Zero-downtime deployment ensures users experience no interruption when new code is released. This is a requirement for any production system with SLA commitments. This guide covers the deployment strategies used by companies like Google, Netflix, and Amazon to ship code hundreds of times per day without downtime — essential knowledge for system design and SRE interviews.
Blue-Green Deployment
Blue-green deployment maintains two identical production environments. The blue environment runs the current version; the green environment is idle. Deployment process: (1) Deploy the new version to the green environment. (2) Run smoke tests against green. (3) Switch the load balancer to route traffic from blue to green. (4) Monitor green for errors. If problems are detected, switch traffic back to blue (instant rollback). (5) After confidence period, decommission blue (or keep it for the next deployment cycle). Advantages: instant rollback (just switch the load balancer back), full environment testing before traffic switch, no mixed-version traffic. Disadvantages: requires double the infrastructure (expensive), database migrations must be compatible with both versions (both blue and green connect to the same database), and the traffic switch is all-or-nothing (100% of users get the new version at once — no gradual rollout).
Canary Deployment
Canary deployment gradually shifts traffic to the new version. Process: (1) Deploy the new version to a small subset of instances (1-5% of capacity). (2) Route 1-5% of traffic to the canary instances. (3) Monitor key metrics: error rate, latency P50/P95/P99, business metrics (conversion rate, revenue). (4) If metrics are healthy after the observation window (10-30 minutes), increase traffic to 25%, then 50%, then 100%. (5) If metrics degrade at any stage, route all traffic back to the old version and investigate. Canary advantages: limits blast radius (a bug affects only 1-5% of users during the canary phase), provides real production validation, and gradual rollout allows early detection. Implementation: Kubernetes supports canary deployment with traffic splitting using Istio, Linkerd, or Argo Rollouts. Argo Rollouts automates the canary process: define traffic percentages and observation windows in a Rollout resource, and Argo automatically promotes or rolls back based on metric thresholds.

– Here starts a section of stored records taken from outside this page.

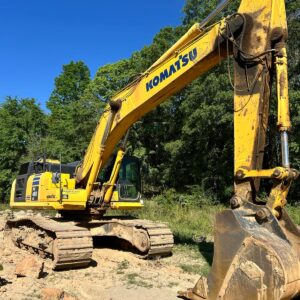 2020 KOMATSU PC490LC-11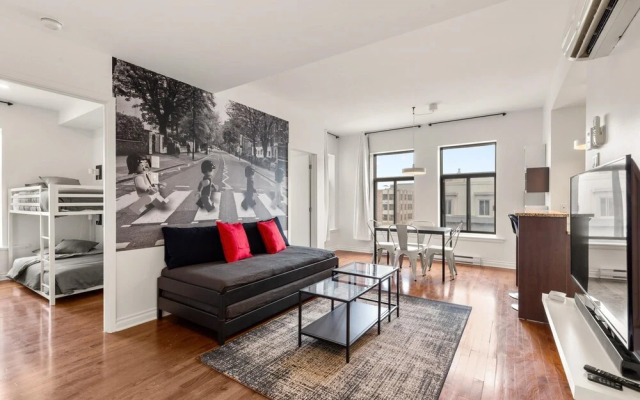 M11 The Lego Suite 2BR Sofabed in Prime Location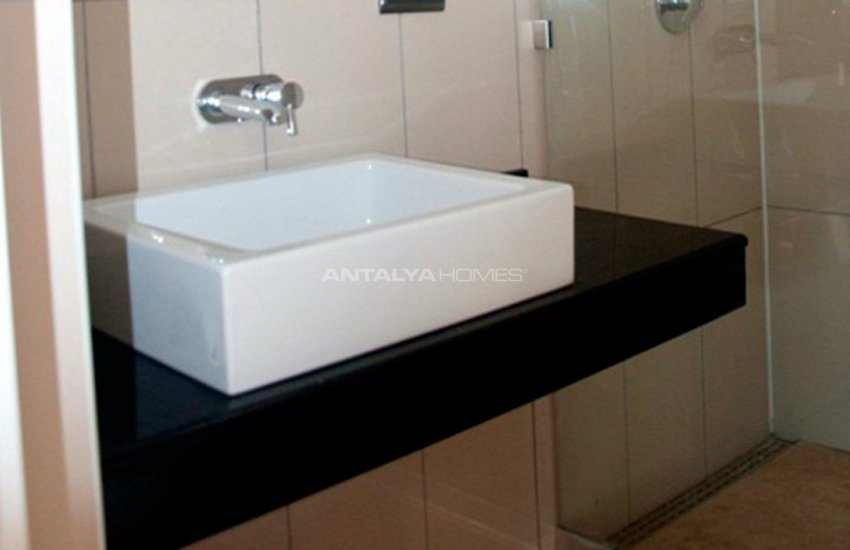 Functional Houses in the Desirable Location of Konyaalti 12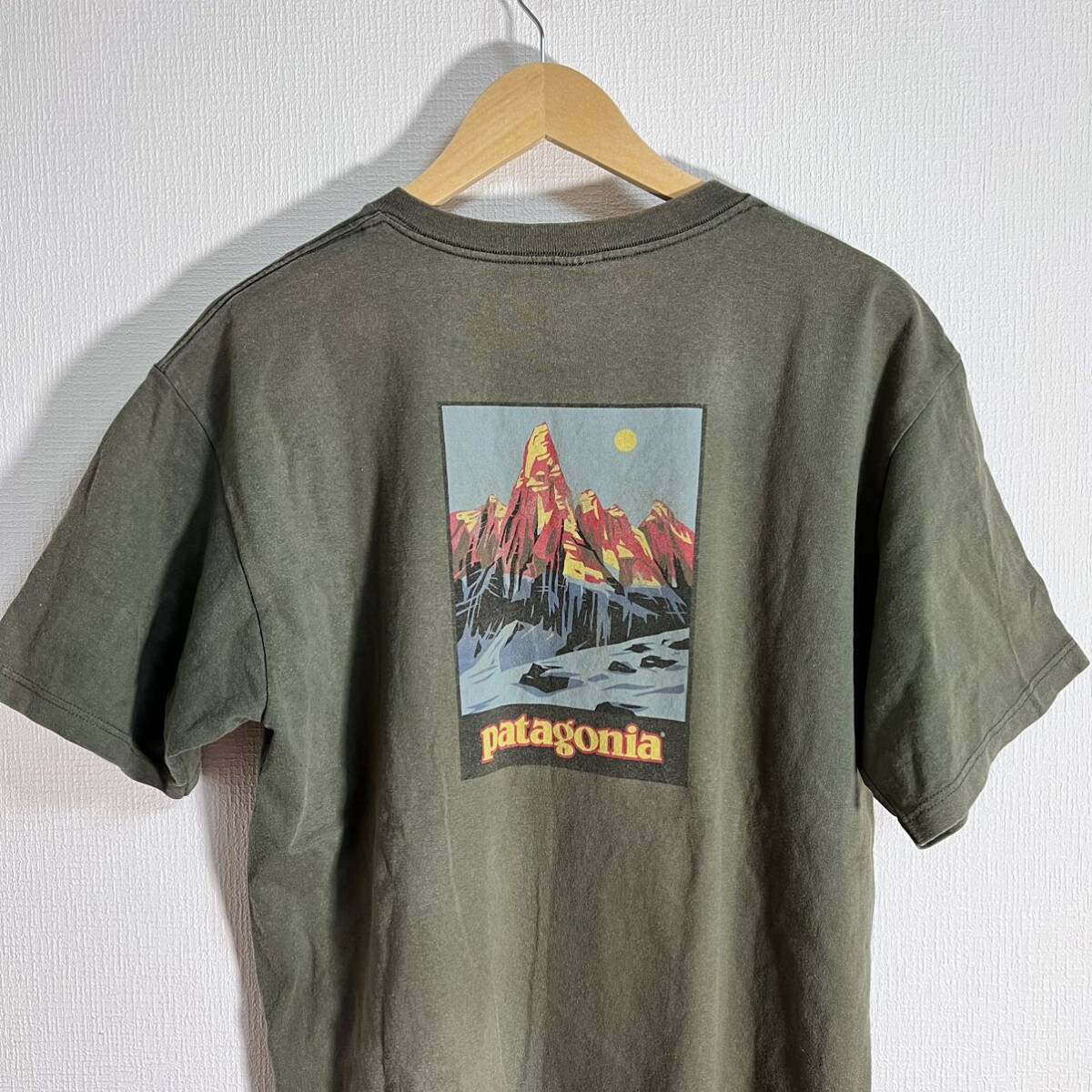 H7835FF patagonia パタゴニア サイズM 半袖 Tシャツ ロゴTシャツ ヴィンテージTシャツ カーキ グリーン系 メンズ アメリカ製 U.S.Aの画像4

Rolling Updates in Kubernetes
Rolling updates replace old pods with new pods one at a time. Kubernetes Deployment configuration: maxSurge (how many extra pods to create during the update, default 25%) and maxUnavailable (how many pods can be down during the update, default 25%). For a deployment with 10 replicas: maxSurge=2 means create up to 12 pods during rollout. maxUnavailable=1 means at least 9 pods must be running at all times. The rollout creates new pods, waits for them to pass readiness checks, then terminates old pods. Readiness probes are critical: they determine when a new pod is ready to receive traffic. A pod that starts but is not yet connected to the database or has not loaded its cache should not receive traffic. Liveness probes restart unhealthy pods. Graceful shutdown: when a pod is terminated, Kubernetes sends SIGTERM and waits for terminationGracePeriodSeconds (default 30s). The application should stop accepting new requests, finish in-flight requests, close database connections, and exit. Configure preStop hooks if the application needs extra shutdown time.

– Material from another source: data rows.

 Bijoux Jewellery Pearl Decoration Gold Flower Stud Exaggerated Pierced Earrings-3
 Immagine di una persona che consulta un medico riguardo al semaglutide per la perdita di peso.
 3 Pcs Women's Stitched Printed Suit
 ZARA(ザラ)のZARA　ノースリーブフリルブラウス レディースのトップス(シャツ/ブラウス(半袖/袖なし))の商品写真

Feature Flags for Deployment Decoupling
Feature flags separate deployment from release. Deploy code to production with the feature hidden behind a flag. Enable the flag for internal users first, then beta users, then 1% of all users, then 100%. This decouples the deployment schedule from the feature release schedule. Teams can merge code continuously without coordinating release dates. Implementation: a feature flag service (LaunchDarkly, Unleash, or custom) stores flag state. The application checks the flag before executing the new code path. Flag evaluation context includes user ID, user attributes (plan, country, device), and percentage-based targeting. Kill switch: if a newly released feature causes problems, disable the flag immediately — no deployment required. The latency from flag change to effect is seconds (the SDK polls or receives a push update). Technical debt: feature flags must be cleaned up after the feature is fully rolled out. Stale flags add complexity and dead code. Track flag creation date and set a cleanup reminder.
Database Migrations During Zero-Downtime Deploys
The database is the hardest part of zero-downtime deployment. During a rolling update, both old and new application versions run simultaneously and connect to the same database. Migrations must be compatible with both versions. Safe deployment order: (1) Deploy a migration that adds new columns or tables (backward-compatible). (2) Deploy the new application version that writes to both old and new columns. (3) Run a backfill to populate the new column for existing rows. (4) Deploy the application version that reads from the new column. (5) Deploy a migration that drops the old column (after verifying no code references it). Each step is a separate deployment with its own monitoring window. Never combine schema changes and application changes in the same deployment — if you need to roll back the application, the schema change may prevent the old version from working.
Deployment Observability
Deployment observability answers: “is the new version healthy?” Required signals: (1) Error rate — compare the new version error rate against the old version baseline. A 2x increase in error rate triggers automatic rollback. (2) Latency — compare P50, P95, P99 latency. Latency regression may indicate a performance bug, missing index, or N+1 query. (3) Business metrics — conversion rate, order completion rate, revenue per minute. A code change that reduces error rate but drops conversion rate has a bug. (4) Resource usage — CPU, memory, and network usage of the new version. A memory leak shows as gradually increasing memory usage after deployment. (5) Deployment annotations — mark deployment events on Grafana dashboards so any metric change can be correlated with a specific deployment. Automated rollback: Argo Rollouts, Spinnaker, and custom deployment pipelines support metric-based automatic rollback. Define rollback thresholds (error rate > 1%, P99 > 500ms) and the system reverts without human intervention.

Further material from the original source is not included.